Local film critic (and Internet radio legend) Matt Shiverdecker told me that the beauty of Fantastic Fest is that one viewer's least favorite film is inevitably someone else's perfect-10. So at a movie-obsessed festival in a movie-obsessed town (seriously, have you tried a Drafthouse yet?), the two docs that stood out most were, well, movie-obsessed. 24x36 and Original Copy nominally share a singular focus—film posters—but seeing the two docs in tandem highlights the festival's diverse programming.
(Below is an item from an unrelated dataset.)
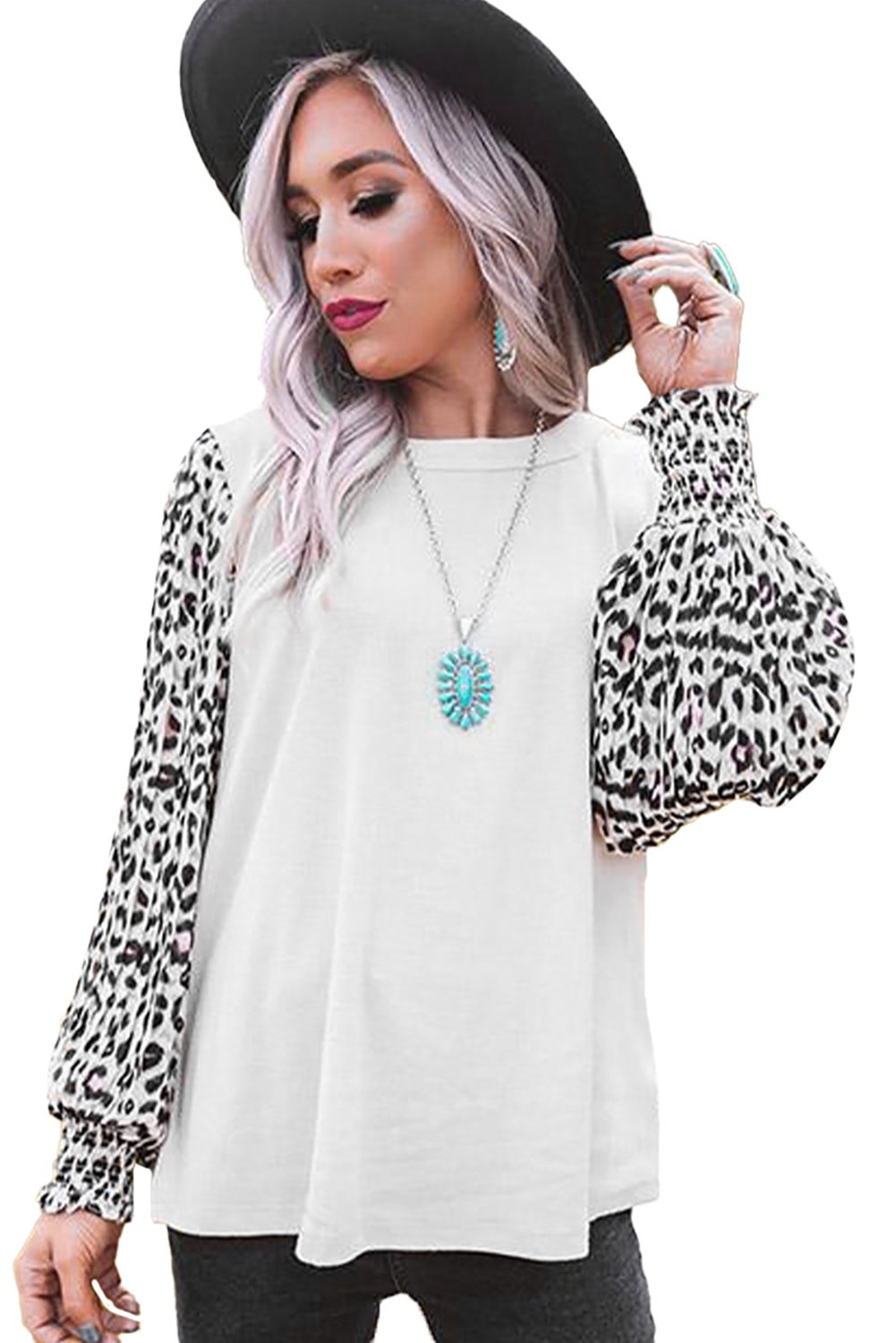 A stylish Print Crew Neck Puff Sleeve Top featuring a bold leopard print pattern in black and light neutral tones, with smocked cuffs and a keyhole back.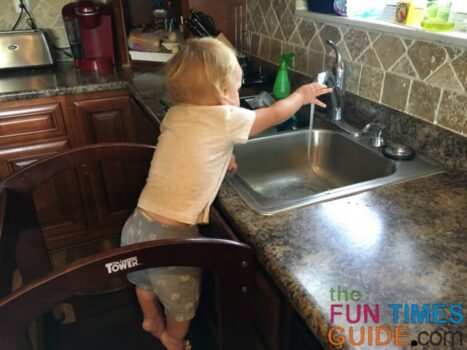 I like how the Little Partners learning tower makes it easier for a toddler to wash their own hands at the kitchen sink.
Here, stories suited for the History Channel can immediately follow one more apt for the Sundance-owned IFC.

24x36

Clear some wall space

When Canadian poster collector-turned-director Kevin Burke embarked on his shooting trip to Austin, border patrol stopped him. (After all, here's this dude traveling with an unusual amount of film equipment.) Burke stayed calmed and explained his intent—production work for his documentary 24x36a "movie about movie posters."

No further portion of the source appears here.